With the addition of RDM, the DMX512 system becomes a bi-directional (half-duplex) system.  The controller is able to send out a question to devices on the wire, which can then respond with an answer.  The messages within the protocol cover all the everyday tasks a lighting system manager incurs – setting DMX addresses, modes and other configuration tasks, plus monitoring sensors, usage, status messages and fault finding.Think of an RDM transaction as a conversation – the lighting desk says ‘tell me your DMX address’ and the fixture responds with ‘my address is 032’.  This is known as a GET command.  Next the controller can send a SET command, such as ‘set your DMX address to 065’, and the fixture can respond to acknowledge this change.  In this way, through GET and SET commands and responses, the RDM protocol allows a control desk to modify and monitor the DMX system in ways never possible before.
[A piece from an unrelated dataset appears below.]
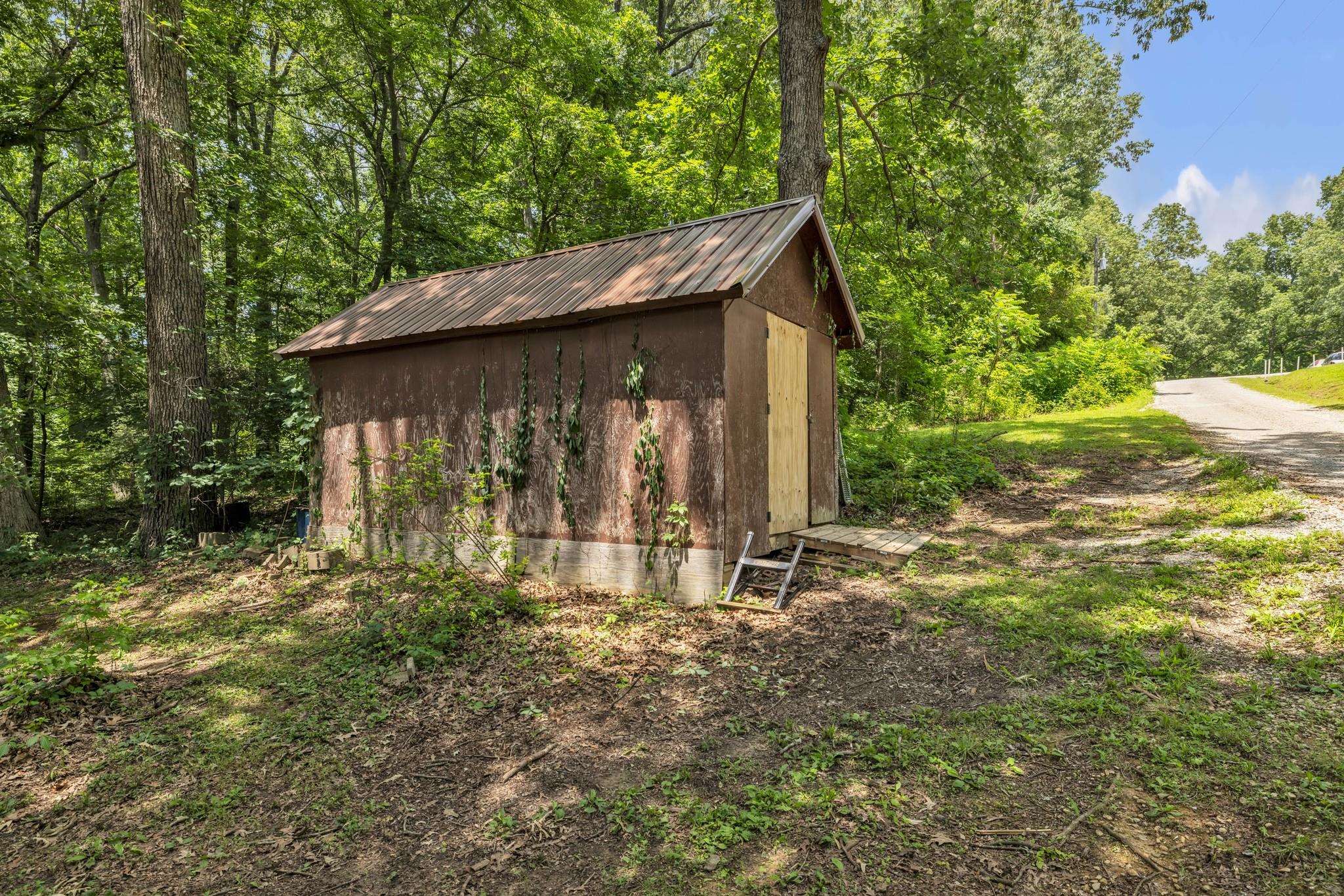 8041 State Route 762, Philpot, Kentucky 42366, 3 Bedrooms Bedrooms, ,2 BathroomsBathrooms,Single Family Residence,For Sale,State Route 762,89803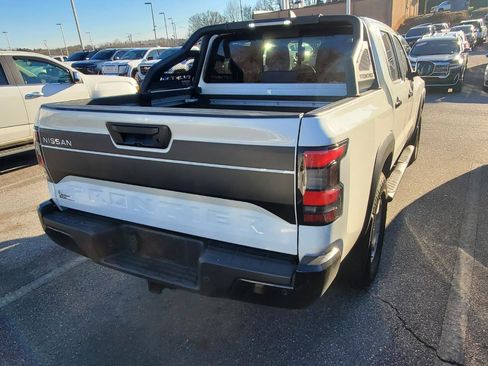 Used 2024 Nissan Frontier SV w/ Hardbody Edition image 9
So, sounds great?  How do I turn it on?

Well, there are a few things you need to know first:

  • DMX512 products do not inherently support RDM
  • RDM ‘ready’ products have been shipping for 10+ years
  • Only RDM ‘enabled’ products will actually use the RDM standard – these are not as common as RDM ‘ready’ products, so check the specification sheet of your equipment first. (Or check out our Products list)
  • The RDM standard requires only a limited subset of the functions available within RDM. This means that some equipment that ‘supports’ RDM may not support the features you want – always check with the manufacturer before assuming that something will work
Asusming your equipment has RDM fully implemented, you’ll need an RDM controller.  There are a wide range of controllers available from simple handheld controllers, which can detect devices and modify their settings, through full lighting control desks which integrate the RDM functionality into their control interface.  The RDM functionality varies by product, but there will always be an interface to ‘discover’ the RDM devices. 
RDM discovery is a process whereby the controller can send out a “who’s there” message, and receive back responses from each responder on the network.

Once the controller knows of each RDM responder, it can query each one in turn to find out the capabilities, including a list of sensors inside the unit and (if supported by the responder) a list of what each DMX channel does.